It is a story with the force of folklore. One misty morning a cunning woodsman witnesses a murder: the landlord is killing his beautiful wife in a passionate frenzy - half an earnest entreaty that she come home, and half a jealous fit. The woodsman shouts the murderer's name across the river and the forest, and for the landlord it is the voice of Judgment Day. He willingly allows himself to be blackmailed: he hands over his woods and his daughter, and abandons himself to grief and self-loathing.

The woodsman, meanwhile, has taken care of the corpse - but not before he has fallen wholeheartedly in love with it. He gazes at the lovely face of the slain woman, and the dramatic coincidence of beauty and blood overturns his wits. His life becomes a mad search for a repeat performance, and eventually he succeeds in contriving one by devoting himself to the corpse's granddaughter, Camille. Of course, it ends in tears. His attempts to keep this perfect beauty caged are doomed the moment her own passionate desires begin to stir. Nemesis arrives in the form of a cowherd, one of the old man's long- rejected grandchildren. His nightly tumbles with Camille precipitate an ending that is dreadful, grand and exactly what is needed.

This is only the central thrust: Days of Anger pitches the violent madness of the woodsman against the mystical insanity of an old woman in the neighbouring village, whose dotty faith in the Virgin Mary is made manifest in the enormously fecund life of her huge daughter, who marries the woodsman's son and produces nine extraordinary children, one of whom will return to haunt the closing pages. The woodsman's madness leads him to confuse mouth with wound, word with cry and saliva with blood; the old woman's madness makes her mistake mouth for smile, word for prayer and saliva for tears. The place where the two forms of madness meet is in the deep forest, and the story, which in truth feels like the warring of abstract forces only briefly made flesh, plays itself out on this timeless, dark green stage.

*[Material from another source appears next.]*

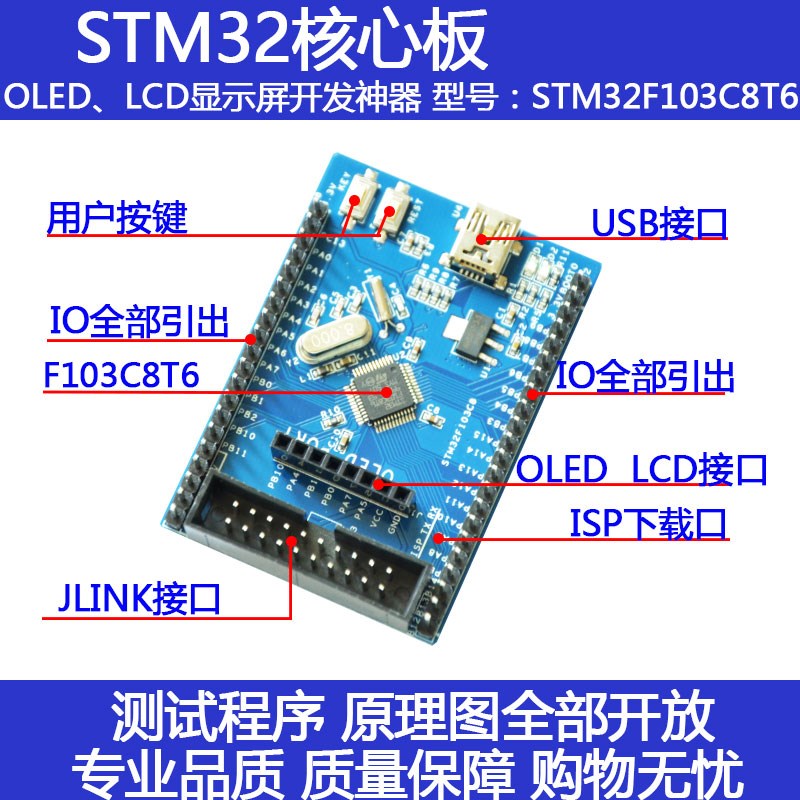 STM32 ARM核心板 小系统板 48脚 STM32F103C8T6 开发板 学习板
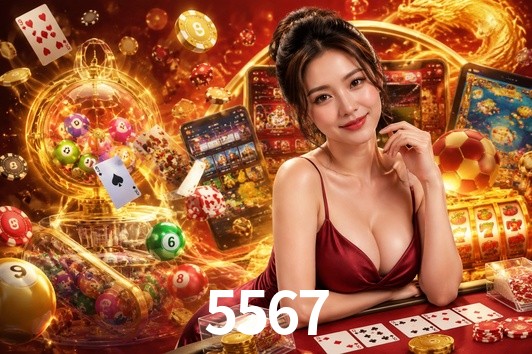 2FA Security 5567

It is all conducted in a vigorous lyrical manner, which in short bursts might seem extravagant, but which brings an intoxicating poetry to the harsh events unfolding on the forest floor. Here, for instance, is the moment when the landlord, standing aghast over the fallen body of his wife, hears the fateful cry:

'He stood stock still, riveted to the bank by the sound of his name called out from across the river - as though he had just been struck in the back by the echo of his murderous deed resounding through the valley. As though the vast muster of floating logs stamped with his initial had started chanting in unison the name of their owner. As though all this timber that made him rich had proclaimed his name. As though all his trees had come down from the Morvan heights to surprise him at the moment of his crime and to denounce him by name to the entire valley. The name of an assassin. Like a blind man, he obeyed the orders issued by this person who had appeared from who knows where - from the river, from among the logs of beech and oak, like some obscure water spirit or sylvan daemon, a terrifying genius born of the very crime that he had committed - a cruel and ruthless genius that would never let him go, that gripped his conscience like the jaws of a dog holding its prey by the neck. With a kind of smile.'

Probably the single most striking feature of the book is this sense of pagan forces swarming through human life. The characters are presented as archetypes of various emotions: the woodsman is driven by anger, the landlord swayed by guilt, the old woman by faith, her daughter by hunger. Camille inherits the same wild life-force (and the same 'serpent eyes') that propelled her murdered grandmother to her doom. The woodcutter brothers have symbolic names - Ferdinand the Strong, Martin the Sparing, Blaise the Ugly; and when one of them, Simon the Hothead, falls into a fury in the end, he slaughters his favourite ox and drapes the bloody carcass over his head, for all the world as if he were sacrificing it to Zeus.

One wouldn't have thought this sort of thing could be anything but ludicrous (and while we're about it, the love-death motif is pretty well-worn), but Germain brings a terrific zestful confidence to bear on the task. The recovery of the idea that human bodies are simply the vessels of a spiritual struggle gives the characters a remote epic dimension that is startling, in this day and age. Germain is able to revel in both the physical tumult of her peasant community and the ripples of transcendence that fly through the woods.

The translator for some reason has a deadly weakness for the pluperfect. Everything had happened - Camille had gone into the room, had watched her father, had this, had that. By about halfway, this reader had had it up to here with had. But even this doesn't put the brakes on the novel's lush immediacy. Days of Anger reads like Thomas Hardy rewritten by some hectic and spirited surrealist, and it plants in its remote rural glades an almost medieval vitality.

Days of Anger is published alongside The Weeping Woman of Prague, an equally distinctive sequence of 12 vignettes in which a mysterious and inconsolable figure appears in various parts of the city. It is deliberately modernist: the woman infiltrates not just the city, but also the text ('She entered the pages of the book as a vagrant steals into an empty house, or a deserted garden') and is almost certainly a homage to Kafka. Yet the figure of this bereft woman develops into a memorable symbol: her sudden appearances - on a bridge, in a square, in a room - haunt the book like history, moved to tears.

It is important that the figure is a woman, but Germain is not by any stretch a writer committed only to the description of a specifically feminine experience. Not the least of her accomplishments is the assurance with which she surpasses mere sociology: though eloquent on the subject of female desire, she is equally engaged by the reckless passions of these rough men. She has big fish to fry; and in Days of Anger she leaves them on the flame until they are burning hot and golden.